Justifying a teardown

Various Milkshakes

04 Apr 2026 — 2 min read

Version 1.0.0_model.3 is now available here.

Now we have gotten through the initial proof of concept it is time to work out a roadmap. Some of the key bits of feedback boil down to:

poor user experience
poor explanation of where the Elo comes from
regional competitions being treated with equal weight to world cups
regional competitions missing
prediction accuracy

I had always planned to redo the UI, away from the generic tailwind components, so designing around a improved user experience is a good justification. Although, initially, I was hoping to keep the backing data the same; after thinking about the user journey it became clear I was not capturing enough data during the Elo calculation process.

For version 0, I would capture the Elo before and after each competition. This created a large black box: athlete enters competition, athlete exits with a new Elo and here are how difficult the climbs were...

In the event results you could see scores for every problem of every round, but not the Elo, the core part of website...

If a user wants to see results, there are plenty of other sites and the official sites update their results live. There is no point trying to compete there. The event results should instead be focused on Elo changes.

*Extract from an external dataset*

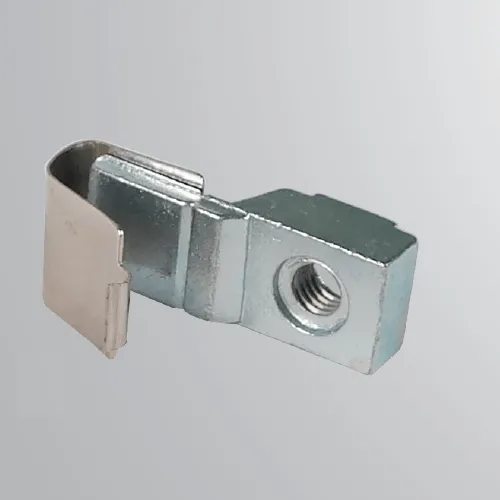 Yaylı Zamak Somun - EG CY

Alas, the current calculation process does not capture this information. So, while I'm already ripping it apart to fix that, I may as well fix some other gripes I have with it:

Does not correctly calculate world rankings score (currently ignores continental strength)
Does not account for youth and regional Elo
Slow and cumbersome to run
Hard to generate the predictions

By the end it was easier to start from scratch with the backend. In the short term this slows down expanding new features, trading instead for a strong foundation to quickly add more fun stuff in the future.

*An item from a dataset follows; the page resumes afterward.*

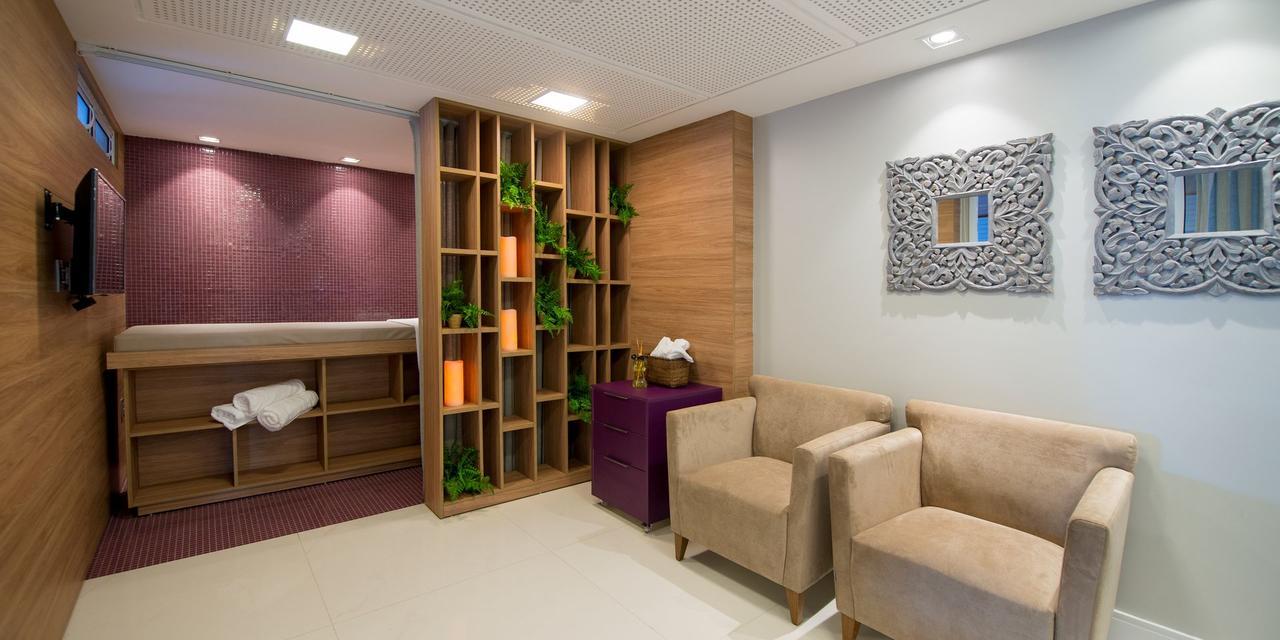 João PessoaSolar Tambau Residencialアパートメント エクステリア 写真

The clean slate also allowed me to learn from all the mistakes I made hacking together the initial data model. I have cut my tables in half and refined my importing schema. My hope is this speeds up importing more regional competitions.

Leading to the final job. The Elo. Having looked through all my current Elo ratings I am unhappy with the distribution and the outcome for problem difficulties. Playing around for a while I decided to go back to the fundamentals of Elo, and define my Elo to be scoped to individual attempts at a climb.

The Elo probability is the probability that the athlete will climb the problem on this attempt.

Therefore, if the Elo of the athlete equals the Elo of the problem then the probability of them flashing the problem is 50% and we would expect on average the athlete to climb the problem in 2 attempts.

This is the rule I strive for Elo Model 3 to represent. It will need fine tuning over the coming season, but this is my current starting point.

Now that the rebuild, I will first try and load up as much data onto the website as possible, then I will publish my roadmap for upcoming features.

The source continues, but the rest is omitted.